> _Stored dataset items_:
****
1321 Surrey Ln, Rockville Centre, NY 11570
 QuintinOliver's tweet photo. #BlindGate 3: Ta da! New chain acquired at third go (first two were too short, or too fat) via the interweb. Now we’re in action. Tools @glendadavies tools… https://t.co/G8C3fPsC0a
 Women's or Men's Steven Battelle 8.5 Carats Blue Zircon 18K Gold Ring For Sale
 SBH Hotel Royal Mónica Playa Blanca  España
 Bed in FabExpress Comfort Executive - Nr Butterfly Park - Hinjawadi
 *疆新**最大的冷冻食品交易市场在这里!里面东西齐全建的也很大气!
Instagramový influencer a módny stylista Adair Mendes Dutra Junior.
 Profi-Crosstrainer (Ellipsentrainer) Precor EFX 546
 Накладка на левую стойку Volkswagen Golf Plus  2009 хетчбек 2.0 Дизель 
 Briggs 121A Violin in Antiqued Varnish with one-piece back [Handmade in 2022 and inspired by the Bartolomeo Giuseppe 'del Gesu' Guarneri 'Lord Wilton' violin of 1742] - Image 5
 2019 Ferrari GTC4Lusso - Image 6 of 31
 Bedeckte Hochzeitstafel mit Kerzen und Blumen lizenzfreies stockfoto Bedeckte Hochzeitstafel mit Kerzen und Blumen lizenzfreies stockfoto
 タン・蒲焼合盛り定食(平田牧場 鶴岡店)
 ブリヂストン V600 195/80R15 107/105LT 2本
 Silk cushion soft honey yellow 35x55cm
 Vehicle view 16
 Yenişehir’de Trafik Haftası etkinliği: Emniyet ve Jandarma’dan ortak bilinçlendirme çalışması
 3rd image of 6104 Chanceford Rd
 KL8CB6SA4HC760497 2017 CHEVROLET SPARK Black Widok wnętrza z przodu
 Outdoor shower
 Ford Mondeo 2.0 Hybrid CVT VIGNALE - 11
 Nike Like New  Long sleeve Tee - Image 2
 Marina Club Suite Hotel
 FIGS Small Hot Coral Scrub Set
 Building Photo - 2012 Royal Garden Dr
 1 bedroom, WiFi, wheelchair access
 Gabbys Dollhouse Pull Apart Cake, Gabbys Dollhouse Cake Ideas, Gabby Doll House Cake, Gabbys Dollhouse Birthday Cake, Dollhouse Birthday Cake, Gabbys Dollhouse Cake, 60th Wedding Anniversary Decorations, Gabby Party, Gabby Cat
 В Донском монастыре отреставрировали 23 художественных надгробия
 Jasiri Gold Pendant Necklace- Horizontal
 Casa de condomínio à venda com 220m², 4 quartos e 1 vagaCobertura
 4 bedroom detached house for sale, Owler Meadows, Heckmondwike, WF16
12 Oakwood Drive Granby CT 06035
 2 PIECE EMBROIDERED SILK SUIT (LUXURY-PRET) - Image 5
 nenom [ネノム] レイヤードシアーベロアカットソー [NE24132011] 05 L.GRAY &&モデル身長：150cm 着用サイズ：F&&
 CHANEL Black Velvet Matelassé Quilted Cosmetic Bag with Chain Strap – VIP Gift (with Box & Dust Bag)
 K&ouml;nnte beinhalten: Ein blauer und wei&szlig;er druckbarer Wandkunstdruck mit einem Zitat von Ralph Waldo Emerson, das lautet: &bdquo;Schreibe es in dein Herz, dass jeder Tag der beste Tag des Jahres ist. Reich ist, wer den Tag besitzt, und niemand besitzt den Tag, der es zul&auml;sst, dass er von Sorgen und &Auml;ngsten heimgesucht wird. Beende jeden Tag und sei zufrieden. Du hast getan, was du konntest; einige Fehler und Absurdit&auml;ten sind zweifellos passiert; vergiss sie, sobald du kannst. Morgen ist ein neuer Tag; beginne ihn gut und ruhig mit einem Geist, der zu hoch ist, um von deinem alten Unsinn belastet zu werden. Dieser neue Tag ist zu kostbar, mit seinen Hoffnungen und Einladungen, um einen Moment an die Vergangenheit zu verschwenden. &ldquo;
****
> _ASSIGNMENT_: What is the number of lines in the data above that include the word "Gold"? Answer with that number only.

> _RESULT OF THIS EXERCISE_: 2